Your Adobe Commerce Intelligence Environment

As you analyze your commerce data, be aware of these factors and common misconceptions. If you need assistance with making sure you are using your Commerce schema correctly, do not hesitate to contact support.

entity_id

Many of your tables contain a column named entity\_id. In each table that contains an entity\_id, that column is used to identify unique rows.

For example, each row in the sales\_order table is a unique order. The primary key in this table is called entity\_id. This column can be thought of as order\_id. In a separate table, customer\_entity, each row represents a unique customer. The primary key in this table is also called entity\_id, which can be thought of as customer\_id.

In those tables, sales\_order.entity\_id does not equal customer\_entity.entity\_id.
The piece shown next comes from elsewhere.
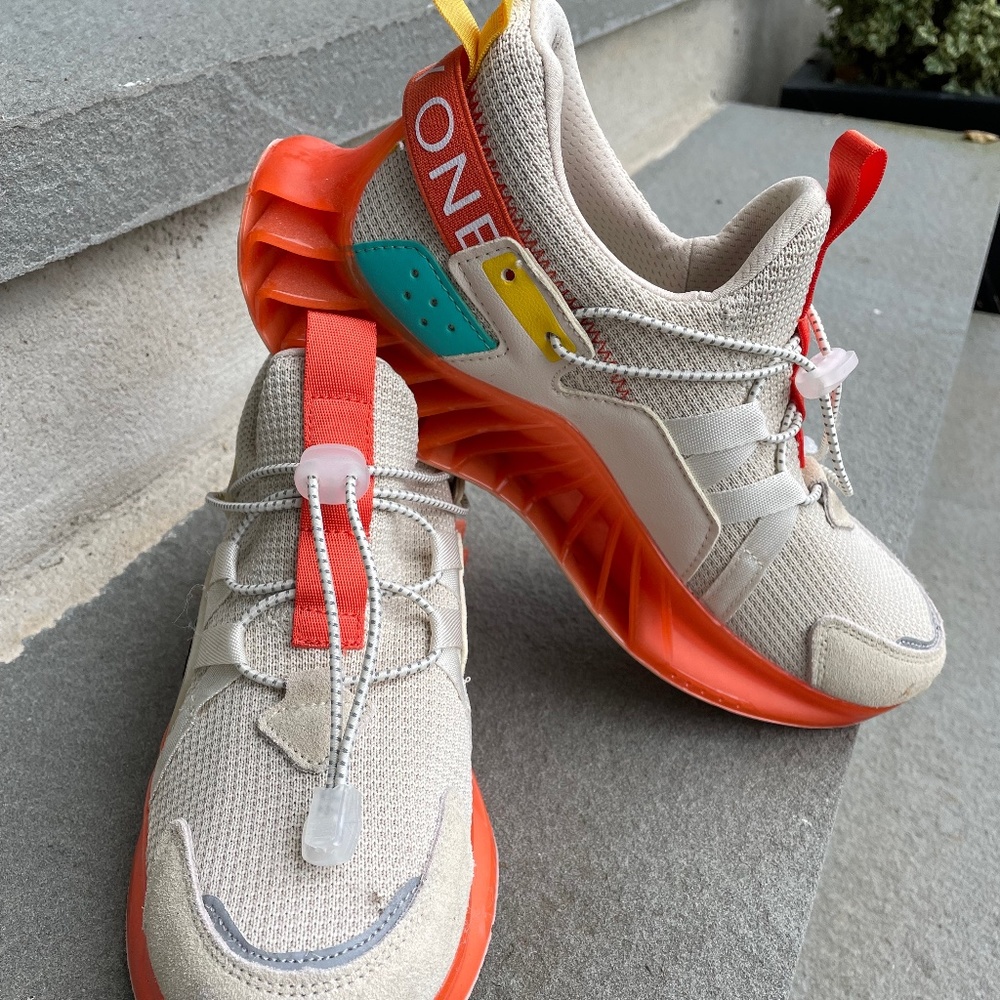 Sneakers with cool color combination and styling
This holds true for all sets of tables that contain entity\_id: table\_A.entity\_id does not equal table\_B.entity\_id.

Guest orders

If you allow customers to order from your site without having an account (guest orders), those customers do not populate as a row in your customer\_entity table. Also, each order placed by a guest has a null customer\_id value on the sales\_order table.
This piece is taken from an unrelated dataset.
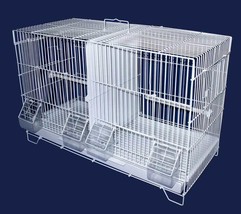 YML 4x2464BLK and 1x4164BLK Lot Of 4 Medium Breeding Cages With Divider ... - £536.82 GBP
Therefore, if you wish to track your guests’ behaviors over time, all customer-level columns must be calculated on the sales\_order table, using a customer identifier such as customer\_email.

If you use the sales\_order table as a customer table, you must then be careful when creating customer-level metrics. For example, consider an average lifetime revenue metric. This metric is used to identify the average lifetime revenue across your customer base. This first requires a new column that, for each customer, returns their lifetime revenue. Then you must average this column to obtain your customers’ average lifetime revenue.
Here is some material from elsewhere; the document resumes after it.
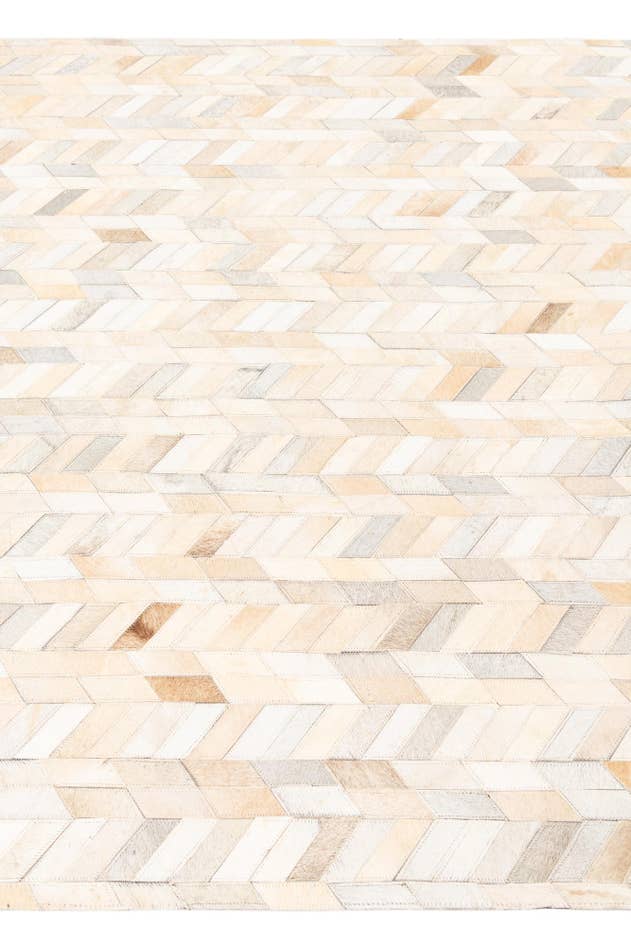 Detail image of 5' x 8' Cowhide Leather Rug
If you are able to use the customer\_entity table, each row is a single customer, and each customer only exists in that table one time. Therefore, when you have the lifetime revenue column, all you need is to create an average metric. However, if you use the sales\_order table as your customer table, a customer can potentially exist in numerous rows. After setting up the lifetime revenue column, each order (row) placed by a given customer will show that customer’s lifetime revenue; but you only want to include that customer once in your overall average metric.

The trick here is that you must add a filter to your metric that ensures you only include each customer one time. Adobe encourages you to create and use a filter set named Customers we count that filters for Customer’s order number = 1 (among other filters you may need to exclude unwanted customers). Adding this filter ensures you only include each customer one time in a customer-level metric.

Products and categories

Products can have multiple categories, and categories can be used for more than one product. Therefore, when setting up category-level analyses, you must be careful to use the correct definitions. Do you want the top-level category? Second-level category? What if the product can fall into multiple top-level categories?

Imagine a pair of jeans that falls into three different category levels, as defined by a Commerce implementation: ‘Clothing’ (top level), ‘Outerwear’ (second level), and ‘Pants’ (third level). You might wish to analyze your categories performance by number of units sold. The metric you need for this analysis is Items sold, which is built on the sales\_order\_item table. Therefore, you need to move category-level information onto the items table. Each row on the sales\_order\_item table has an associated product\_id, so if you know the categories associated with a product, you can bring that information over to the desired table.

Before moving any data, you must first know the proper joins and filters to ensure you grab the correct category. For some analyses, you may need to know ‘Pants’, but in other analyses, ‘Clothing’ might be more appropriate. These are distinct categories that are identified separately. Knowing how each category level is defined ensures you are able to attribute unit sales to the appropriate category for your specific analysis.

Now, imagine you also have an Our Favorites top-level category on the home page of your website. Perhaps you have implemented your Commerce store to include these jeans in both the Clothing category and the Our Favorites category. If so, this pair of jeans has more than one top-level category. In that case, moving a single top-level category over to the sales\_order\_item table does not quite make sense, as there are multiple options. To account for this, Adobe suggests creating yes/no columns that check for specific categories. For example, Is product in Clothing category? and Is product in Our Favorites category? columns allow you to check if a product falls into those specific categories.